#### Activity
Return the records below exactly as they are written.
○ ○ ○ ○
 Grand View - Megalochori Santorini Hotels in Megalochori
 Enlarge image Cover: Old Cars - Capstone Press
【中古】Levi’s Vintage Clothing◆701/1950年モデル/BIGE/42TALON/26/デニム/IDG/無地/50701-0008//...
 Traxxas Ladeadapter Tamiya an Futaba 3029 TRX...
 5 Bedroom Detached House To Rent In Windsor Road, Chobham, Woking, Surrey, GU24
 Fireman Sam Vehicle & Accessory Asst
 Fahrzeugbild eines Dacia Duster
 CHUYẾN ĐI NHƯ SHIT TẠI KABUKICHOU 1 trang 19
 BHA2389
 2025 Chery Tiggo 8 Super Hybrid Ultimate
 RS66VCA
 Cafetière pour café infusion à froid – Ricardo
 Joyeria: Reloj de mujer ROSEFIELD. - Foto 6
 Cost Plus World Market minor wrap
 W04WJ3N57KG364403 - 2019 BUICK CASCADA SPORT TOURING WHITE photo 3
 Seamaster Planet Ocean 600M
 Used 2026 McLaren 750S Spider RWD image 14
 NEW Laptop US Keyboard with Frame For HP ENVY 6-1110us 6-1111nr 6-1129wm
○ ○ ○ ○
#### Expected answer
 Grand View - Megalochori Santorini Hotels in Megalochori
 Enlarge image Cover: Old Cars - Capstone Press
【中古】Levi’s Vintage Clothing◆701/1950年モデル/BIGE/42TALON/26/デニム/IDG/無地/50701-0008//...
 Traxxas Ladeadapter Tamiya an Futaba 3029 TRX...
 5 Bedroom Detached House To Rent In Windsor Road, Chobham, Woking, Surrey, GU24
 Fireman Sam Vehicle & Accessory Asst
 Fahrzeugbild eines Dacia Duster
 CHUYẾN ĐI NHƯ SHIT TẠI KABUKICHOU 1 trang 19
 BHA2389
 2025 Chery Tiggo 8 Super Hybrid Ultimate
 RS66VCA
 Cafetière pour café infusion à froid – Ricardo
 Joyeria: Reloj de mujer ROSEFIELD. - Foto 6
 Cost Plus World Market minor wrap
 W04WJ3N57KG364403 - 2019 BUICK CASCADA SPORT TOURING WHITE photo 3
 Seamaster Planet Ocean 600M
 Used 2026 McLaren 750S Spider RWD image 14
 NEW Laptop US Keyboard with Frame For HP ENVY 6-1110us 6-1111nr 6-1129wm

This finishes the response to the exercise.